-- Opening Marker --

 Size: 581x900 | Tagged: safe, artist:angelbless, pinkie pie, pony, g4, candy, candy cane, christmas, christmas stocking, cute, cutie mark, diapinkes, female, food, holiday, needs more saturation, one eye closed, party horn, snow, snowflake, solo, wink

-- Closing Marker --
-- Opening Marker --

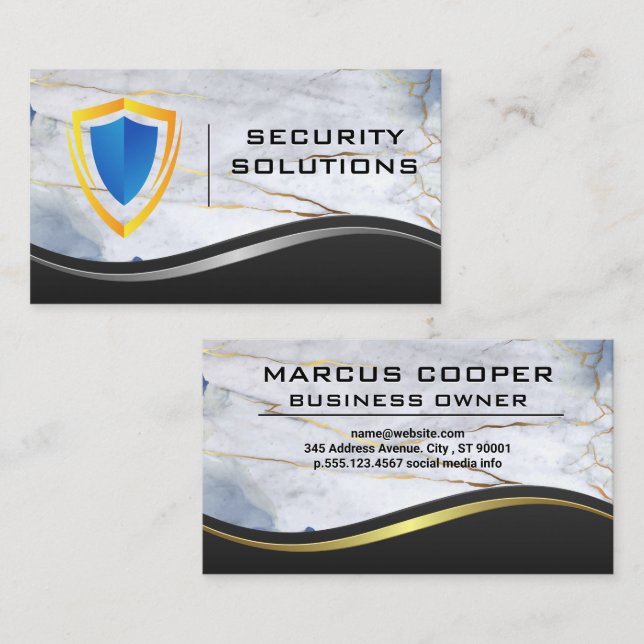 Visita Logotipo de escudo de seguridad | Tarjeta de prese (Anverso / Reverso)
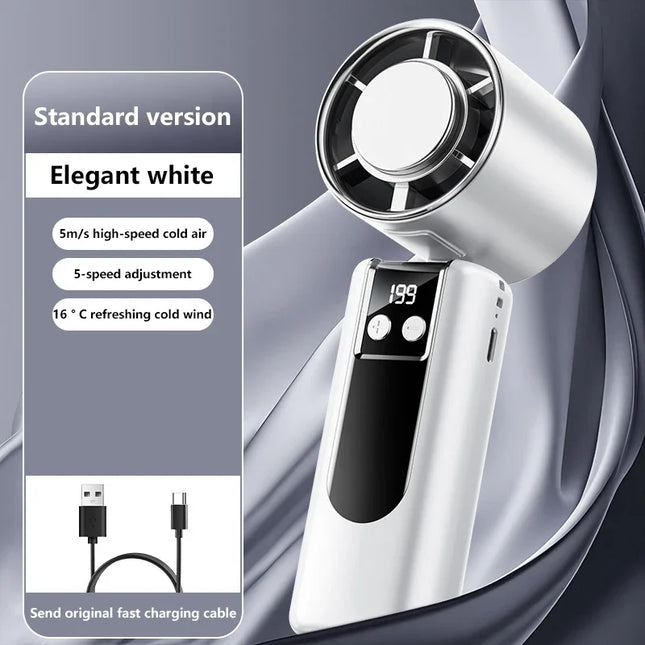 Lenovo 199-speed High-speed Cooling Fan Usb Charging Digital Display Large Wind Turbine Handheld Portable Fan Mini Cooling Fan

-- Closing Marker --

### REQUIRED WORK
Return exactly the part of the listing above that opens with the line containing "Visita Logotipo de" and closes with the line containing "Lenovo 199-speed High-speed". Pictures stay out.

### TASK ANSWER
 Visita Logotipo de escudo de seguridad | Tarjeta de prese (Anverso / Reverso)
 Lenovo 199-speed High-speed Cooling Fan Usb Charging Digital Display Large Wind Turbine Handheld Portable Fan Mini Cooling Fan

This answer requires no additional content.